Faith drops in after a late surgery, and that's the closest we get to a compromise. Phil makes tea, and Faith drinks it. Phil mimes drinking it, and Faith tells her that hospitals are friendly places, full of good works. She says that every visit, and it always makes us laugh.

It's not that I distrust Faith's expertise. It's that once, you were Phil's match for single-mindedness and interfering when necessary. Some of your debating hall exchanges are legendary. I have every confidence you'll be able to do what the others haven't and persuade her into an examination, simply by virtue of not brooking any argument.

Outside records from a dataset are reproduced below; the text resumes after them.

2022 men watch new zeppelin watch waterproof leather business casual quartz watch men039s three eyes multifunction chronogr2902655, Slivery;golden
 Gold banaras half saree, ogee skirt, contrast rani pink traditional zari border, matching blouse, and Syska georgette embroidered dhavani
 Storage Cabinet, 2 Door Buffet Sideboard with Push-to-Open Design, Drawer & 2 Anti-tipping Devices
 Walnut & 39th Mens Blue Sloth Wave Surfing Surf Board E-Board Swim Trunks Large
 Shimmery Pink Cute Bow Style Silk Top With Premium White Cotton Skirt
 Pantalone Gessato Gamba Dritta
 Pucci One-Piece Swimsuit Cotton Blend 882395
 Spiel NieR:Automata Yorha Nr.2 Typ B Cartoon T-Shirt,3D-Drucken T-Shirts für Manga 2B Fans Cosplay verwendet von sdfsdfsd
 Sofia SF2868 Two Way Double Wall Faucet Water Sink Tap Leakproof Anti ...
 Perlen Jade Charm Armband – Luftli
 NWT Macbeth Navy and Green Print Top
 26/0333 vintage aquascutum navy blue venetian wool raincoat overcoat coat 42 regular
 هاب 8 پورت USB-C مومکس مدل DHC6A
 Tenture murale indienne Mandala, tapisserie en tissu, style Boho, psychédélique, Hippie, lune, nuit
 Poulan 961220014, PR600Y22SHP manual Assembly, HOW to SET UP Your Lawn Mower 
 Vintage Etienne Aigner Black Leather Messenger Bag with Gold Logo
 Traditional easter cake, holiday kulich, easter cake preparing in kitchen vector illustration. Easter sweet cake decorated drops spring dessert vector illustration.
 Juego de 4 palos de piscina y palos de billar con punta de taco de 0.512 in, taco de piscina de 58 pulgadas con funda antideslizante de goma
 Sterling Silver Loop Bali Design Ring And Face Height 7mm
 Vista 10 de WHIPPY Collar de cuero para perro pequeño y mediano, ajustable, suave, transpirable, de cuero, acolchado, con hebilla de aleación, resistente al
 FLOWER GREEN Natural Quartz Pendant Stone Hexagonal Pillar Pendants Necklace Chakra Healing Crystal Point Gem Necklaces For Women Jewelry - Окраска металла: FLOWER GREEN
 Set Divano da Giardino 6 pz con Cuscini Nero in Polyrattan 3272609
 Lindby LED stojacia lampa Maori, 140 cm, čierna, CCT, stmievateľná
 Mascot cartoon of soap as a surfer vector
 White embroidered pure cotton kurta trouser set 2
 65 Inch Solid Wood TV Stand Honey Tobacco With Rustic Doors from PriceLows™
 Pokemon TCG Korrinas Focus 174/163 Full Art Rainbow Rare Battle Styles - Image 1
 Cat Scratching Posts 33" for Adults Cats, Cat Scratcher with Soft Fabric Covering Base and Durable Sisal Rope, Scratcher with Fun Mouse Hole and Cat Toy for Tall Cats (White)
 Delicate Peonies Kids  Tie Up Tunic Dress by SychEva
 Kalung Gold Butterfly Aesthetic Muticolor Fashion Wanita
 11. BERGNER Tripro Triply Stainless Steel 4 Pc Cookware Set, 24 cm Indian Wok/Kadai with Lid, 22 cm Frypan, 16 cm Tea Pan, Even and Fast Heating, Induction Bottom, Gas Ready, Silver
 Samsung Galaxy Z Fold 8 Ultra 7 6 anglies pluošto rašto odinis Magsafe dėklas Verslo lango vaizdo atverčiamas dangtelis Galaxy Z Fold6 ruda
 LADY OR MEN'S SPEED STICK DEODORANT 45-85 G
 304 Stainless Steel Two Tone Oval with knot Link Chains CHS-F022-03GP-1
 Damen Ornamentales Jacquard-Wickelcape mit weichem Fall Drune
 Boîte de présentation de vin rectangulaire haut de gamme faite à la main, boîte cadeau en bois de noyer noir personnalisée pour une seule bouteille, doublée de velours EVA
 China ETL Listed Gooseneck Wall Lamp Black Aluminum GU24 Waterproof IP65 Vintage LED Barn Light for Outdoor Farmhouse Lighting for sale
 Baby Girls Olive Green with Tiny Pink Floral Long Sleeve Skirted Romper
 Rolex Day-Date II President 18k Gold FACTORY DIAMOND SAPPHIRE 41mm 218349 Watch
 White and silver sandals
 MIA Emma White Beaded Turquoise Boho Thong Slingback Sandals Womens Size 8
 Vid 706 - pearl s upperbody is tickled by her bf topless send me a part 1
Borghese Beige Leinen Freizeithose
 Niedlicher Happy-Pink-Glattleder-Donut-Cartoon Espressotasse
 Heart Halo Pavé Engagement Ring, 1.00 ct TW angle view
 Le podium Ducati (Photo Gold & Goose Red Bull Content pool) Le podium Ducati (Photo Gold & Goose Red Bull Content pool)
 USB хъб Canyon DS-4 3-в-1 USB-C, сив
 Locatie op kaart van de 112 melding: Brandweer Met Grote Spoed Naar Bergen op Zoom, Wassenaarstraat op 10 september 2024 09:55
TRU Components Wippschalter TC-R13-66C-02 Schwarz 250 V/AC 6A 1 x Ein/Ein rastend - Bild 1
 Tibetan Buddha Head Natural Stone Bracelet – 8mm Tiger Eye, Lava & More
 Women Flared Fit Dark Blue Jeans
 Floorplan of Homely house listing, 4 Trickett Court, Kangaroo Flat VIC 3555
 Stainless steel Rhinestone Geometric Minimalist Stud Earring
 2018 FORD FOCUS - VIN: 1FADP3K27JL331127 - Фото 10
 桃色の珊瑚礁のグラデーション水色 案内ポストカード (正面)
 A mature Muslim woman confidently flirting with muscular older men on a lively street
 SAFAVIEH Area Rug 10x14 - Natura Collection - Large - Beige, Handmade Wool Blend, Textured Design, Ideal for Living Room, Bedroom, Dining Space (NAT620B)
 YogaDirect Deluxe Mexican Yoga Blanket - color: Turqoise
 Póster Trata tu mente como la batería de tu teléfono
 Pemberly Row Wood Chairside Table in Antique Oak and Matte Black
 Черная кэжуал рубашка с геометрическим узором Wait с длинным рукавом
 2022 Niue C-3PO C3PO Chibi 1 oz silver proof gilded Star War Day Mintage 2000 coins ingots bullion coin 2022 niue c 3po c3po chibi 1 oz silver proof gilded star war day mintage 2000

Be well, do good work, and keep in touch.

Jo


Ingleside,
Glen St Mary,
July, 1934

Jo,

I crawled out of my haphazard turtle shell retirement to tackle – you guessed it! – yet more polio. It was a serious error of judgement. Suddenly all the little old ladies stop me on corners to double-check poor Bruce's diagnoses. He needs every pair of hands he can get against polio. I can't afford to stop in the library and re-diagnose Mrs. Gabriella Alexandrina Drew just because she isn't absolutely certain young Bruce Meredith got it right about her knees. He did. I told her years ago to give up gardening. They are now badly arthritic and I narrowly avoided saying that was what happened of letting Darks and Penhallows marry only one another for years and years until no one knew where Penhallow began and Dark ended. As she is a Penhallow that became a Drew, I refrained.

Even if I did have time – a generous if – I have an ailing Susan and a polio-stricken child who deserve my attention. Di does well, considering, but she can't do all the things she used to. She keeps forgetting, and falling on the stairs or becoming breathless.

Isn't it strange to think that in a few months, it will be you and I keeping him in news?